_EXERCISE REQUIREMENTS_. Your answer must be the lines from the top of the listing below through the line that holds "Homeless people collect", retyped exactly, with no pictures.

_AVAILABLE RECORDS_.

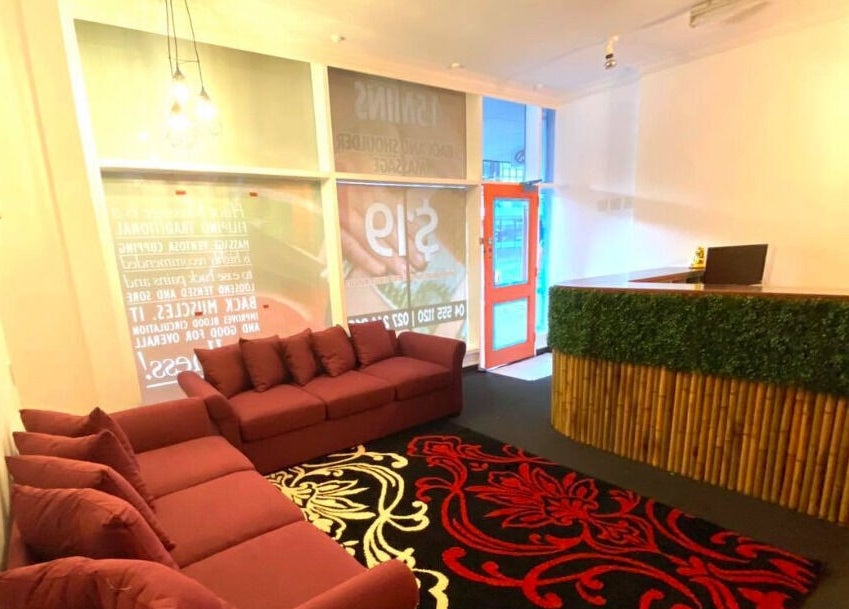Cozy reception area at Bamboo Spa Lower Hutt Wellington showcasing a red sofa and bamboo-themed decor in Lower Hutt, Wellington, NZ.
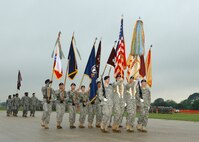 The Color Guard displays its flags during Pass and Review April 22 at the Fort Sam Houston Fiesta Parade at Fort Sam Houston. The Pass and Review is a traditional ceremony in which soldiers demonstrate their leadership qualities. Brig. Gen. Darrell and Holly Jones, Col. Eric and Mary Wilbur, and Chief Master Sgt. Dwayne and Veronica Hopkins, 37th Training Wing commander, vice-command and command chief, and their wives, respectively, represented Lackland Air Force Base, Texas, at the parade. Fiesta is a 10-day event with more than 100 scheduled events designed to honor the heroes of the Alamo and the Battle of San Jacinto. (USAF photo by Alan Boedeker)                               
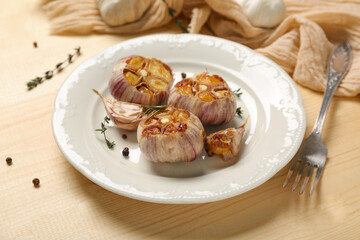 Plate with baked garlic, peppercorns and thyme on light wooden background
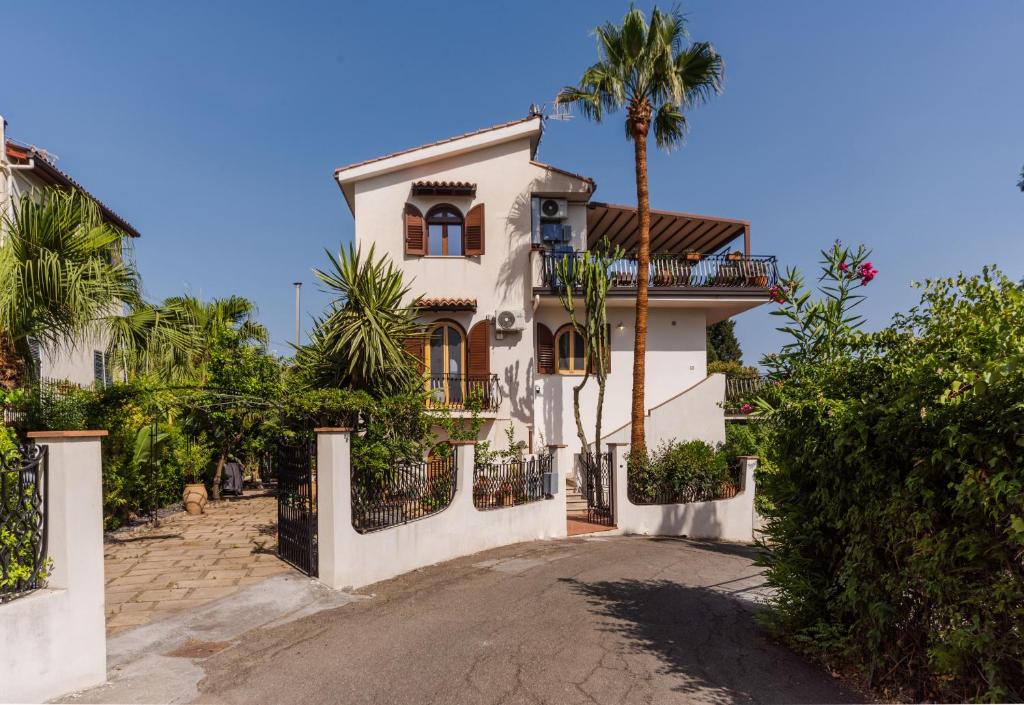 a white house with a gate and a palm tree at Villa Domina by Letstay in Giardini Naxos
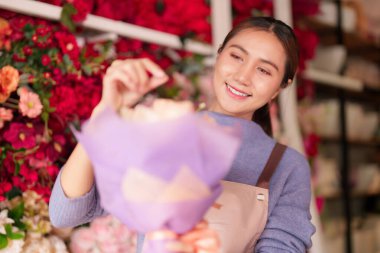 Gülümseyen Asyalı kadın çiçekçi büyüleyici perakende dükkanında renkli bir çiçek buketi düzenliyor güzel çiçek tasarımları yapıyor.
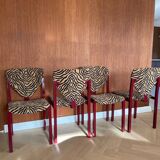 4 red lacquered zebra chairs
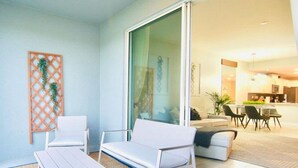 A modern outdoor seating area with a white sofa and chairs, a small table, and a decorative lattice wall.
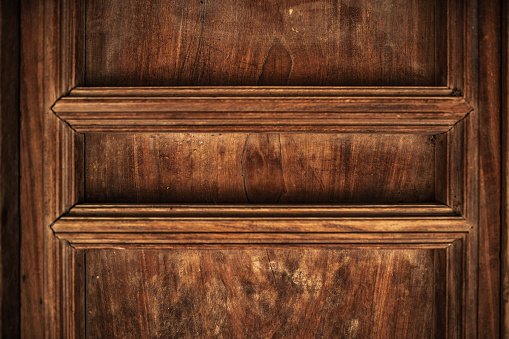 Close-up of a sunlit old-looking wooden chest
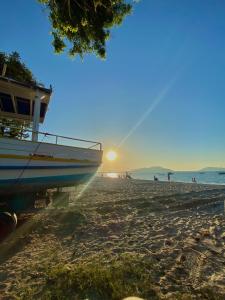 a boat sitting on a beach with the sun setting at Hotel Enseada in São Francisco do Sul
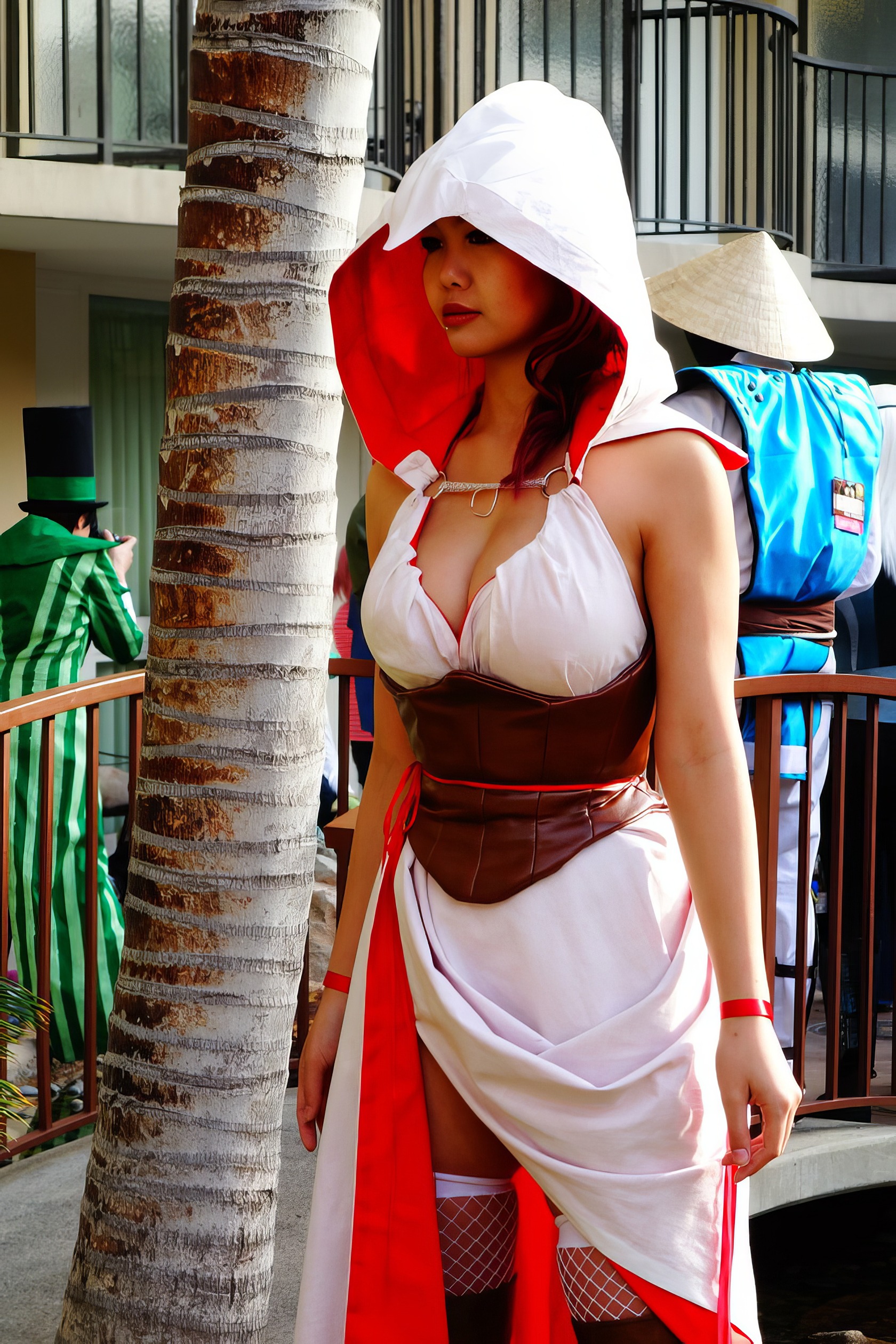 Assassin's Creed Hot Cosplay: 20+ Character Costumes & DIY Tips 9 Hooded female cosplay character wearing a white and red costume with fishnet stockings, standing outdoors next to a tree at a convention or event.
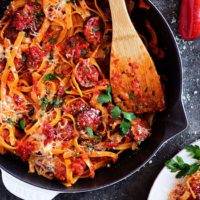 Roasted Red Pepper Fettuccine with Smoked Sausage in skillet
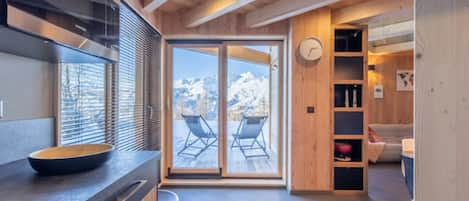 A modern kitchen with a large window, wooden ceiling, and a view of mountains.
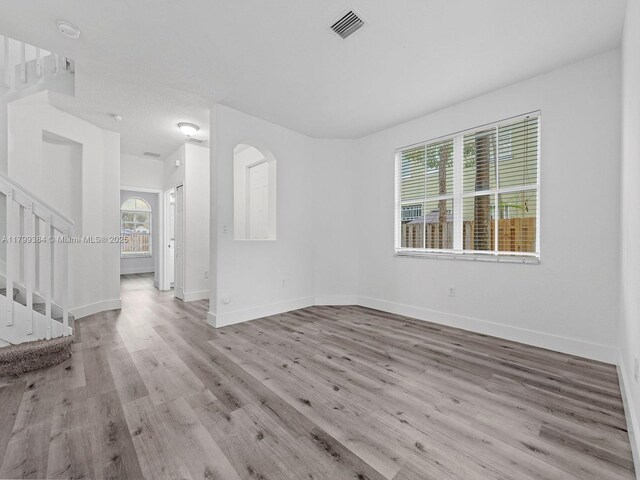 2482 SE 14th Ct, Homestead, FL 33035 - unfurnished living room featuring stairway, wood finished floors, and baseboards
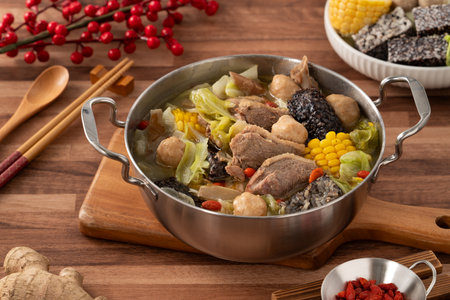 Delicious ginger duck stew hot pot soup with fresh vegetables in Taiwan.の写真素材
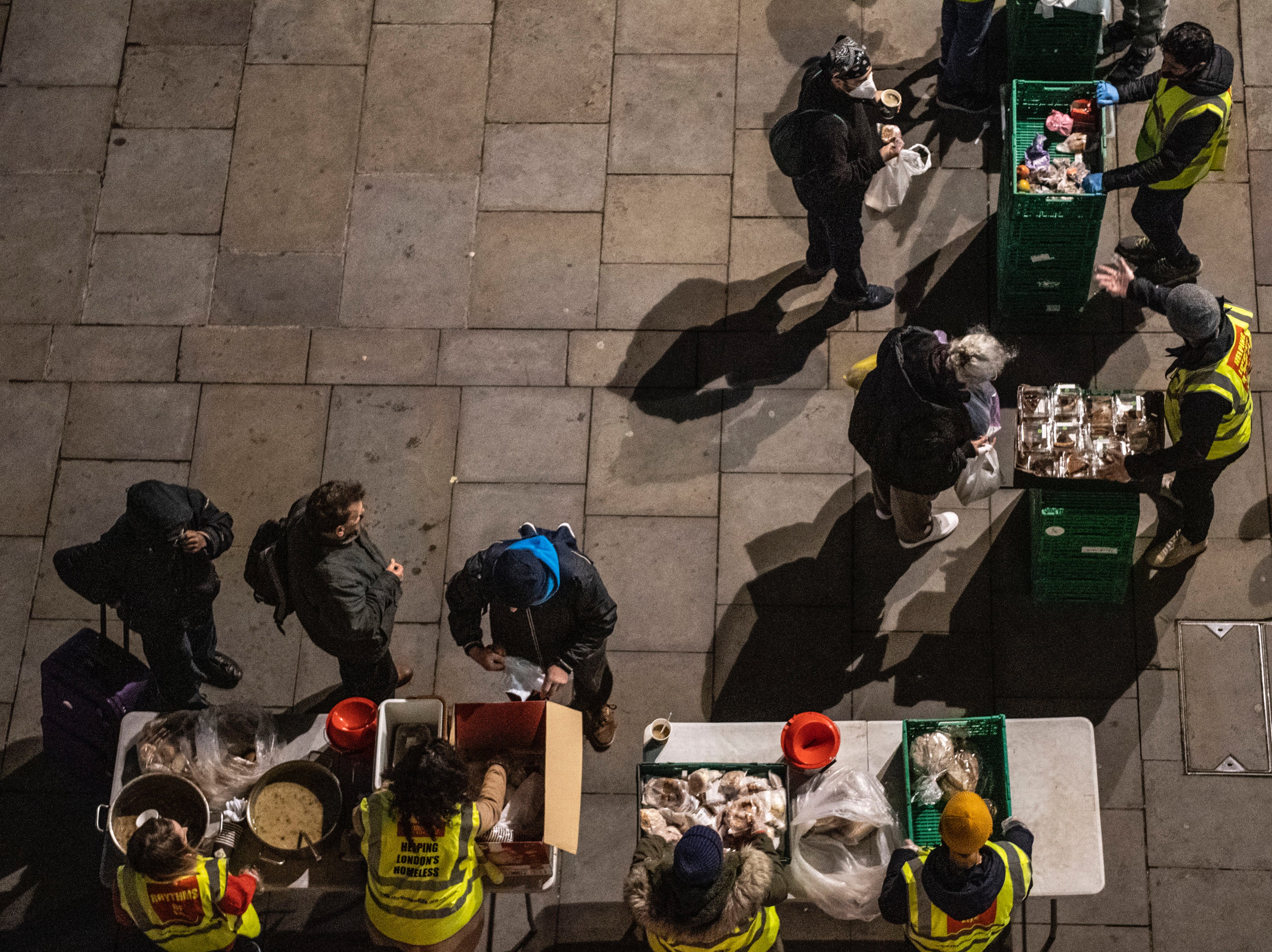 Homeless people collect donated food provided by charity, Rhythms of life near Trafalgar Square, London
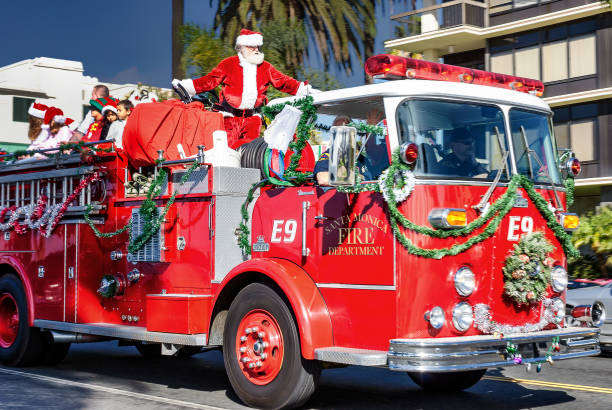 In this image we see a firetruck decorated with Christmas decorations. There is a Santa standing on top of the truck with a bag of gifts.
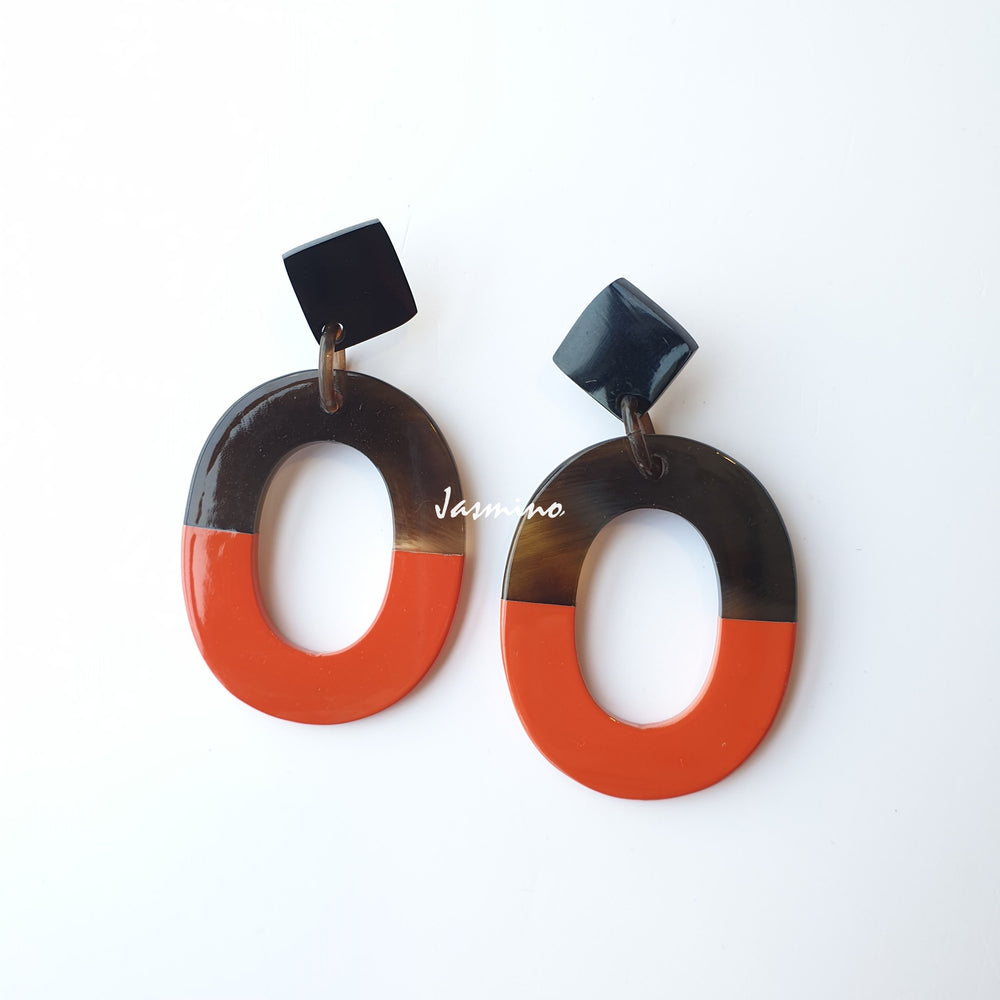 
                  
                    Handmade oval earrings are covered by a brown and burnt orange for a unique gift on a white background for Christmas
                  
                
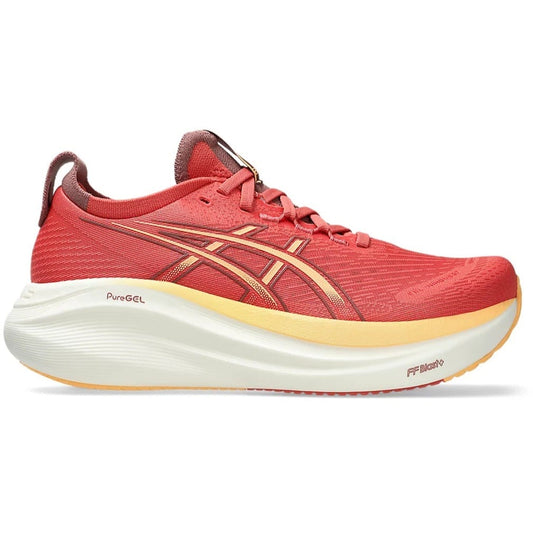 Red running shoe with a white sole on a white background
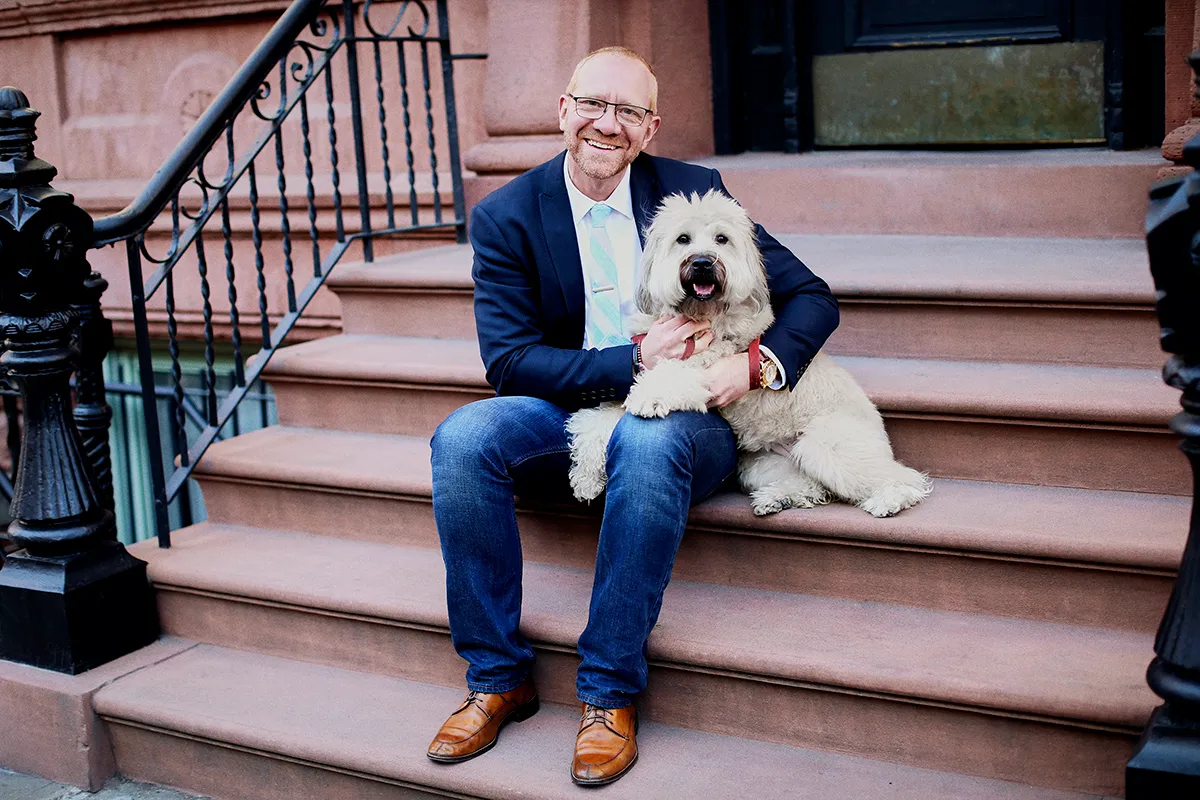 Man with dog on stoop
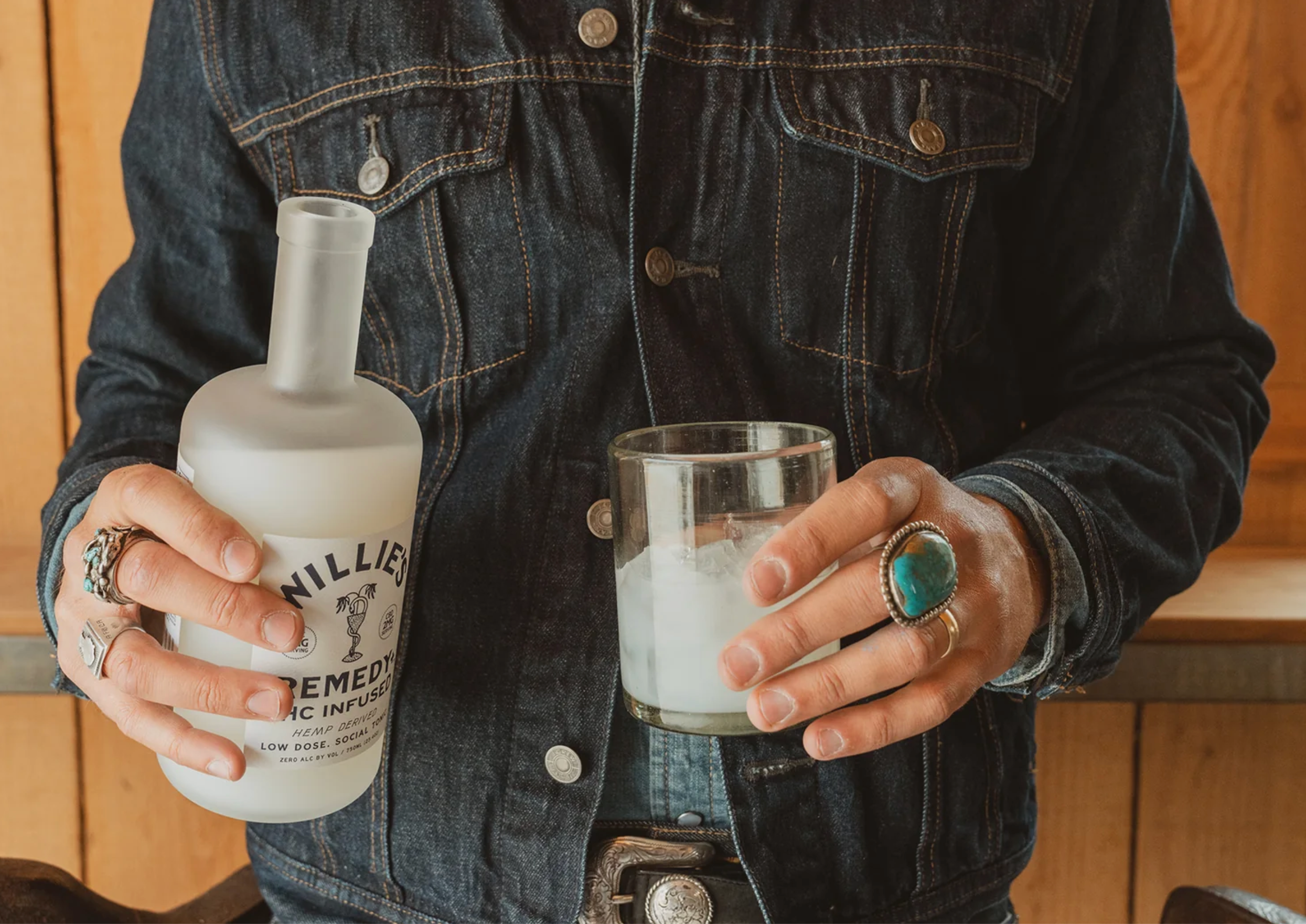 Person holding a bottle and a glass with a drink, wearing a denim jacket.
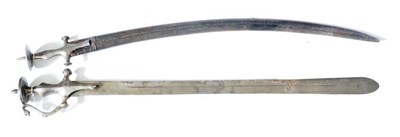 Lot 378 - A 19th Century Indian Talwar, the 74cm single edge broad Khanda type blade with a central...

_FINISHED EXERCISE_.
Cozy reception area at Bamboo Spa Lower Hutt Wellington showcasing a red sofa and bamboo-themed decor in Lower Hutt, Wellington, NZ.
 The Color Guard displays its flags during Pass and Review April 22 at the Fort Sam Houston Fiesta Parade at Fort Sam Houston. The Pass and Review is a traditional ceremony in which soldiers demonstrate their leadership qualities. Brig. Gen. Darrell and Holly Jones, Col. Eric and Mary Wilbur, and Chief Master Sgt. Dwayne and Veronica Hopkins, 37th Training Wing commander, vice-command and command chief, and their wives, respectively, represented Lackland Air Force Base, Texas, at the parade. Fiesta is a 10-day event with more than 100 scheduled events designed to honor the heroes of the Alamo and the Battle of San Jacinto. (USAF photo by Alan Boedeker)                               
 Plate with baked garlic, peppercorns and thyme on light wooden background
 a white house with a gate and a palm tree at Villa Domina by Letstay in Giardini Naxos
 Gülümseyen Asyalı kadın çiçekçi büyüleyici perakende dükkanında renkli bir çiçek buketi düzenliyor güzel çiçek tasarımları yapıyor.
 4 red lacquered zebra chairs
 A modern outdoor seating area with a white sofa and chairs, a small table, and a decorative lattice wall.
 Close-up of a sunlit old-looking wooden chest
 a boat sitting on a beach with the sun setting at Hotel Enseada in São Francisco do Sul
 Assassin's Creed Hot Cosplay: 20+ Character Costumes & DIY Tips 9 Hooded female cosplay character wearing a white and red costume with fishnet stockings, standing outdoors next to a tree at a convention or event.
 Roasted Red Pepper Fettuccine with Smoked Sausage in skillet
 A modern kitchen with a large window, wooden ceiling, and a view of mountains.
 2482 SE 14th Ct, Homestead, FL 33035 - unfurnished living room featuring stairway, wood finished floors, and baseboards
 Delicious ginger duck stew hot pot soup with fresh vegetables in Taiwan.の写真素材
 Homeless people collect donated food provided by charity, Rhythms of life near Trafalgar Square, London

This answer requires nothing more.